The Hong Kong Securities and Futures Commission (SFC) has described several instances in which the regulatory authority alludes to the need to improve the quality of disclosure, and in its corporate regulation newsletter has urged companies to stick to the official electronic publication system which is authorized by the Hong Kong Stock Exchange with regard to reporting material events.

This has come about as a result of the SFC’s concern over reliance on social media channels such as Twitter to analyze events, news risks, and disclosure which may be considered outside of securities laws.

According to Hong Kong law, inside information which is classified as information that is not regarded as widely known but could materially impact the price of company stock, or other asset classes must be disclosed in a manner that provides for equal, timely and effective access by the public.

On this basis, the SFC considers disclosures to be compliant if they are broadcas via the electronic publication system operated by the Hong Kong Stock Exchange, which is the HKExnews site.

By using alternative means such as social media or individual company websites, the regulator considers that entities could be providing advantages to certain investors.

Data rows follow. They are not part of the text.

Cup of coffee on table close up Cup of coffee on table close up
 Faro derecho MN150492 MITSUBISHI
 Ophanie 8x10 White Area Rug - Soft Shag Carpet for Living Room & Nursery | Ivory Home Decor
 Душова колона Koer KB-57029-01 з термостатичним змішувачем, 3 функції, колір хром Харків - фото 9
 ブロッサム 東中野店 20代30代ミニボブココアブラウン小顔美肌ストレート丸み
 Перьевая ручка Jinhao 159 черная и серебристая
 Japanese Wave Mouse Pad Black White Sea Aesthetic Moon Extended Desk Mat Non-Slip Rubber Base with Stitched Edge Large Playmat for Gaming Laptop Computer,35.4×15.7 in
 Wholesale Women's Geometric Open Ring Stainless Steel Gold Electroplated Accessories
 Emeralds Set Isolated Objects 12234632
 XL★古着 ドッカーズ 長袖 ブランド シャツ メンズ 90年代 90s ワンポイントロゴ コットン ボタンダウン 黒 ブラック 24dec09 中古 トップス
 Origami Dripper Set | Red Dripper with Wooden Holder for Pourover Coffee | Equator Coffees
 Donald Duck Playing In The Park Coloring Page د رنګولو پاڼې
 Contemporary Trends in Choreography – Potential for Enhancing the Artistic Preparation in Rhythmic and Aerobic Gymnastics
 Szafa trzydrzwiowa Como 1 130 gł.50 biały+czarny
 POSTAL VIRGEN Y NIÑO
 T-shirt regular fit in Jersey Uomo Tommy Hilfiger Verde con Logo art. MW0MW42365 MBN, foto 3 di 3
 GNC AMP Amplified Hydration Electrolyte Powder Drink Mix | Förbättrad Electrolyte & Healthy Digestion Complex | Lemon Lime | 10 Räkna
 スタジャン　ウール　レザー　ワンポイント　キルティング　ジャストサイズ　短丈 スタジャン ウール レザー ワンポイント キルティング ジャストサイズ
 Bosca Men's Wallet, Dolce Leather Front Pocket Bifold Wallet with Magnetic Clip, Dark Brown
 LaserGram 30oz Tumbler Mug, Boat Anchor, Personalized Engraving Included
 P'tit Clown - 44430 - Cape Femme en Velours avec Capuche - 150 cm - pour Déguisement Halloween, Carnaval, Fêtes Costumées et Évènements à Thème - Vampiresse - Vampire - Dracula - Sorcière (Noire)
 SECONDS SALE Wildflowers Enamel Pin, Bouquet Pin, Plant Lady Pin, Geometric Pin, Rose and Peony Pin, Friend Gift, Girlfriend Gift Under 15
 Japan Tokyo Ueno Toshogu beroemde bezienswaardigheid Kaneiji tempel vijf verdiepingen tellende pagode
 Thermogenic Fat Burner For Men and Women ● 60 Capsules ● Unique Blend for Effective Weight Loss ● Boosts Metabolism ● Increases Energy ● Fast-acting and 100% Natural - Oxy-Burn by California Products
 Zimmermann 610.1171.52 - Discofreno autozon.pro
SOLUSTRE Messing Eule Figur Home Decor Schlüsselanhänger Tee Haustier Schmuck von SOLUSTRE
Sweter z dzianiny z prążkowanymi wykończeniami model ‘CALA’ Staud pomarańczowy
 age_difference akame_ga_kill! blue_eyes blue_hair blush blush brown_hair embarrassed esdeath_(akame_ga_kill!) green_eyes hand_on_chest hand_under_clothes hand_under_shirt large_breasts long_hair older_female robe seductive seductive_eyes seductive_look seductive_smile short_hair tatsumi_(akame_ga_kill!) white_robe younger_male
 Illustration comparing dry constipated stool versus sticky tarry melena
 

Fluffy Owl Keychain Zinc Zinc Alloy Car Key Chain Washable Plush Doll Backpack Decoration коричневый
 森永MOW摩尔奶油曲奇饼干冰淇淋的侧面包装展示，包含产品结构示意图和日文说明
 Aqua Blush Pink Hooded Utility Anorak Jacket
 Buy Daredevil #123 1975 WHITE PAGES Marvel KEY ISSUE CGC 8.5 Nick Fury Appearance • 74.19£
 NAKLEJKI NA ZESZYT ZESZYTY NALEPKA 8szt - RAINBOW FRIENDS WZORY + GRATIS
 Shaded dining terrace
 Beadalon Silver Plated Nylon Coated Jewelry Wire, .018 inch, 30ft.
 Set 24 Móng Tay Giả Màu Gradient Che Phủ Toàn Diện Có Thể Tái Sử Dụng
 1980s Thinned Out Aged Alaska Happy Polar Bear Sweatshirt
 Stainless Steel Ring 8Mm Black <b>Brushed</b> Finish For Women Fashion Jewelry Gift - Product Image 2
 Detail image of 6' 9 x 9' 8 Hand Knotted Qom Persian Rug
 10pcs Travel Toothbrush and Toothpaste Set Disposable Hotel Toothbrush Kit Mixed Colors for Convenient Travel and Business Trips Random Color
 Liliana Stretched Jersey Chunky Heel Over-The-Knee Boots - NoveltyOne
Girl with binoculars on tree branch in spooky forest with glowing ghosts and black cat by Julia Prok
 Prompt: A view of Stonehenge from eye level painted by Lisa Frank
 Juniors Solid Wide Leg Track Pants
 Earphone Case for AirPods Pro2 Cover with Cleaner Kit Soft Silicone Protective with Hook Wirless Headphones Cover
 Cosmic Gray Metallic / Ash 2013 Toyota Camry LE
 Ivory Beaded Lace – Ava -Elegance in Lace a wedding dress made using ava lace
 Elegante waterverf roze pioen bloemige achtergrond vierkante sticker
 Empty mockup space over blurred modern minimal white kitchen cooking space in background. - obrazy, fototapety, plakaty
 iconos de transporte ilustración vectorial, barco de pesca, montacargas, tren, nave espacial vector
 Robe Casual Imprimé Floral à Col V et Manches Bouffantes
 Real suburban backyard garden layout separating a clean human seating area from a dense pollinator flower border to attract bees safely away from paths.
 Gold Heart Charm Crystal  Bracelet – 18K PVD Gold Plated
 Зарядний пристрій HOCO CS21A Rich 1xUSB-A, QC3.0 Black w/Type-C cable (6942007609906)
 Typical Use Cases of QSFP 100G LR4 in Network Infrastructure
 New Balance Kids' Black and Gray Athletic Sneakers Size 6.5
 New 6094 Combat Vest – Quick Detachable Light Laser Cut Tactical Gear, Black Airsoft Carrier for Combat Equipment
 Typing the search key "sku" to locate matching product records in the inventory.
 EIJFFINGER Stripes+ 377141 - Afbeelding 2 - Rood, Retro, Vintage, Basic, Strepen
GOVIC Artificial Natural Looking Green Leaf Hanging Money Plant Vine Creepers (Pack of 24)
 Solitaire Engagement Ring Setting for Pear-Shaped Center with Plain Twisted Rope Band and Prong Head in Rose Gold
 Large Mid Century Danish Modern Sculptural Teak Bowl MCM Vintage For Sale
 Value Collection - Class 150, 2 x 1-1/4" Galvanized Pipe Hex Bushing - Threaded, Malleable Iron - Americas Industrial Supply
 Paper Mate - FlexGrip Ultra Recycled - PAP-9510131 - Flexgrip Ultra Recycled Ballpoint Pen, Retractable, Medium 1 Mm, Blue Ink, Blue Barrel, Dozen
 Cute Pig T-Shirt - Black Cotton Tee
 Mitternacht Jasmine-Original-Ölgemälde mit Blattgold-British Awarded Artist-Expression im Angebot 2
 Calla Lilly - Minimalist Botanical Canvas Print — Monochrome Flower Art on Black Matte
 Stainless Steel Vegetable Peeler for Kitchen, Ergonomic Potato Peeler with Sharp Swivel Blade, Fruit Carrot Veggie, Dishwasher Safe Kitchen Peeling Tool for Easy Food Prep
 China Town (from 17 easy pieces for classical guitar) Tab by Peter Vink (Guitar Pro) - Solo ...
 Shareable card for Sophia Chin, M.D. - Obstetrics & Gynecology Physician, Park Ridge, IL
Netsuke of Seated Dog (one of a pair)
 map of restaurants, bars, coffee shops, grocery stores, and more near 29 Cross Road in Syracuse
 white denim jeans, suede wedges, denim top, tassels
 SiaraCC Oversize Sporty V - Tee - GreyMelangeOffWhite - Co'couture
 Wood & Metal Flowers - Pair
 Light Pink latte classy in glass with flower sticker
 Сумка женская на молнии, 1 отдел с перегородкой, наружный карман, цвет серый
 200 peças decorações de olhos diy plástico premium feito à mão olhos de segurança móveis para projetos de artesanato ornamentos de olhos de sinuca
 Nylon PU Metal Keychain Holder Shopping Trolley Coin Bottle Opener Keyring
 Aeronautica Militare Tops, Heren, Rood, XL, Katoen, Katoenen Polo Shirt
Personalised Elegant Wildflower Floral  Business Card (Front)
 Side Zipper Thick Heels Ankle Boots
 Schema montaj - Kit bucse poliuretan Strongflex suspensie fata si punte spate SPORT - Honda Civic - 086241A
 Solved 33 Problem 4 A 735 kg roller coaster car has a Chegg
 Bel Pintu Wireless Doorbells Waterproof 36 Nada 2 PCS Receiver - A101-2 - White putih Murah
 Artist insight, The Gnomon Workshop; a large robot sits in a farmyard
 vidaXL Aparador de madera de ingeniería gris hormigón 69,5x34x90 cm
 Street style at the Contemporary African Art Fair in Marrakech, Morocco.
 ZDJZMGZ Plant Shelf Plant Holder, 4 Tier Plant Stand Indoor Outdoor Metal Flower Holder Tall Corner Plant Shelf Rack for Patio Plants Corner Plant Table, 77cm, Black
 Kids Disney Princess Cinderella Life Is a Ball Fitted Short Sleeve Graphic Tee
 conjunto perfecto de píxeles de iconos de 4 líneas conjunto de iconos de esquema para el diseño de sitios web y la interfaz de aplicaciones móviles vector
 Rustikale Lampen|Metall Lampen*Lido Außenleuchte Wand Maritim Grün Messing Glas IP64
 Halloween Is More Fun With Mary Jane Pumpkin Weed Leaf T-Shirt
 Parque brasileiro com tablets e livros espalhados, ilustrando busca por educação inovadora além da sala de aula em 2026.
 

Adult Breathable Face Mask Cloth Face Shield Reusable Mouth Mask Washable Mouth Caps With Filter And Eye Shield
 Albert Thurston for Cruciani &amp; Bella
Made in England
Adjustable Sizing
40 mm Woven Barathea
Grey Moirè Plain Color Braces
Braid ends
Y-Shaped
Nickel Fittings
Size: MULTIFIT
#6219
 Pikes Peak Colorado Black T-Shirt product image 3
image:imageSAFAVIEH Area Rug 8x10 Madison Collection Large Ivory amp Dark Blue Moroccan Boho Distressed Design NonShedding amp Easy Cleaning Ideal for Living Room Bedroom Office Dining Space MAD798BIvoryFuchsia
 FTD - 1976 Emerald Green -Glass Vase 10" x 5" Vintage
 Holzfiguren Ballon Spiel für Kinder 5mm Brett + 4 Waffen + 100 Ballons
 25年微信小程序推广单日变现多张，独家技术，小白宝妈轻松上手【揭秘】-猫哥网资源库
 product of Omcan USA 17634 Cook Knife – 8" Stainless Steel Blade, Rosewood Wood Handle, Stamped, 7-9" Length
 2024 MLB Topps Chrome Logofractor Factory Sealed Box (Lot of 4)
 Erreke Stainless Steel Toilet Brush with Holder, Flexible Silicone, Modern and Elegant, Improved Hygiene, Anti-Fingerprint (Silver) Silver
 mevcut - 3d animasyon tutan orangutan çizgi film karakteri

The statement on the matter by the SFC is as follows:

“A company using other means to communicate inside information to the public may run the risk of uneven disclosure. There is less certainty that alternative methods allow every investor to have equal and effective access to the same information at the same time. A company may thereby create unfair advantages for some market participants and potentially prejudice the interests of other investors.”

One particular example cited by the SFC is an energy exploration company which published a press release on its own website reporting that it had made a breakthrough at an exploration site, which resulted in a 50% surge in its share price even though the event was not reported in mainstream media.

The SFC is therefore looking to provide a standard channel for reporting all events and therefore is going one step beyond the traditional ‘insider trading’ laws which are currently accepted internationally.

Currently the dissuasion from using and relying on social media and individual websites is exactly that – a dissuasion – however it could be the precursor toward legislation that would put all inside information onto a central, regulated source.